To: Mr. Andrei CojocaruFrom: Shun Da SuoDate: April 24, 2015Re: Work Report: “MARS-Logger: Design and Implementation of a Distributed Logging System”

As we agreed, I have prepared the enclosed report, “MARS-Logger: Design and Implementation of a Distributed Logging System,” for my 2A work report and for the MARS Pricing Team. This report, the second of four work reports that the Co-operative Education Program requires that I successfully complete as part of my Computer Science and Business Double Degree Co-op degree requirements, has not received academic credit.

The MARS (Multi-Asset Risk Systems) Pricing Team is an infrastructural level research and development team that focuses on request routing and price calculation of multi-asset portfolios.
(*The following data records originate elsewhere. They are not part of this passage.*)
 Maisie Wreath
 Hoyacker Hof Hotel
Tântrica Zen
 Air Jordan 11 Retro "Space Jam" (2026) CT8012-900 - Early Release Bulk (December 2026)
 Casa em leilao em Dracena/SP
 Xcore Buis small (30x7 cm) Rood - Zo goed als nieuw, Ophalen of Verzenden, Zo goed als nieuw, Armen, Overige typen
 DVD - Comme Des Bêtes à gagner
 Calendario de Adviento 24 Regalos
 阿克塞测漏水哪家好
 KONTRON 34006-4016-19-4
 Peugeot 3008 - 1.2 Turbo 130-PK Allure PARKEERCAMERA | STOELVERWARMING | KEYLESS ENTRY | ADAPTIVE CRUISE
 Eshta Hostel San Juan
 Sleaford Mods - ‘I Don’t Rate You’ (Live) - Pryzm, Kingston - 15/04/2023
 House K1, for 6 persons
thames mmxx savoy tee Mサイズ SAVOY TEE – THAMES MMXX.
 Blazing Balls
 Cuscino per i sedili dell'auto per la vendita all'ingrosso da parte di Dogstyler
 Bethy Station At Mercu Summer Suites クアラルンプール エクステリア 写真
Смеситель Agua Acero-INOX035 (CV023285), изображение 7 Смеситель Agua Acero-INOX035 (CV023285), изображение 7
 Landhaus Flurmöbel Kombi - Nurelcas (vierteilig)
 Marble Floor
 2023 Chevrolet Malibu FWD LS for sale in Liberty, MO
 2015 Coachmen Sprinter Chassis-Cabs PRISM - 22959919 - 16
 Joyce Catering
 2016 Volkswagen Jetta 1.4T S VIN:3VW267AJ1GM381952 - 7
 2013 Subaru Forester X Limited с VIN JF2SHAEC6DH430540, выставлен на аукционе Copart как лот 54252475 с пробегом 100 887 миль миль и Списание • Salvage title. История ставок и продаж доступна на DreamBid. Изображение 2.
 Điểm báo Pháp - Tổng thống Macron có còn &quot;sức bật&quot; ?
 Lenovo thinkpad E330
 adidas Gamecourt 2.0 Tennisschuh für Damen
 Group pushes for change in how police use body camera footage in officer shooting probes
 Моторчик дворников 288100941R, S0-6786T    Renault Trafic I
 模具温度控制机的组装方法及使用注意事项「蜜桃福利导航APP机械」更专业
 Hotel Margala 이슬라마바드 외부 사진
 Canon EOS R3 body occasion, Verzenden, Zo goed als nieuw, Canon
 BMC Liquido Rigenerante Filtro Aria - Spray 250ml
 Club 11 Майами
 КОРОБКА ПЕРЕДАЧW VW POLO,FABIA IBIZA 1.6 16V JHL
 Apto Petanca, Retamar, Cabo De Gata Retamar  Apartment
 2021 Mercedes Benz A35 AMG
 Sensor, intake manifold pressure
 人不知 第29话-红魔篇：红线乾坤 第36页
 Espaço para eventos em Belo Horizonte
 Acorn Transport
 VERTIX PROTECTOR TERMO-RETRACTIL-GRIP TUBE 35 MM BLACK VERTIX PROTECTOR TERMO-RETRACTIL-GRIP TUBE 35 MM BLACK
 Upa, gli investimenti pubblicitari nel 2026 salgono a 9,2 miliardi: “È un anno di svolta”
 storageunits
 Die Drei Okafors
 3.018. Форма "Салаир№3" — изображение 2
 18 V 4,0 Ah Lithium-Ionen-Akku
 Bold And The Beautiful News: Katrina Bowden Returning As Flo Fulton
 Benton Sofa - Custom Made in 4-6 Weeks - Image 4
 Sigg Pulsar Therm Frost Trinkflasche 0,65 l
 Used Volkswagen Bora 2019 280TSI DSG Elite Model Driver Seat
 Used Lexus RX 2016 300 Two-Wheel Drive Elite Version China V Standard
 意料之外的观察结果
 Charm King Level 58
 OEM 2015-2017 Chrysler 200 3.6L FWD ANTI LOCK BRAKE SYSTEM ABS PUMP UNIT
As a software development intern, I aided in design and implementation of a distributed logging system. The goal was to replace the existing framework that had long been the bottleneck of innovation for the MARS platform. In this report, I discuss the high-level architecture of the system, analyze significant implementation details, and evaluate the overall effectiveness.

The Faculty of Mathematics requests that you evaluate this report for command of topic and technical content/analysis. Following your assessment, the report, together with your evaluation, will be submitted to the Math Undergrad Office for evaluation on campus by qualified work report markers. The combined marks determine whether the report will receive credit and whether it will be considered for an award.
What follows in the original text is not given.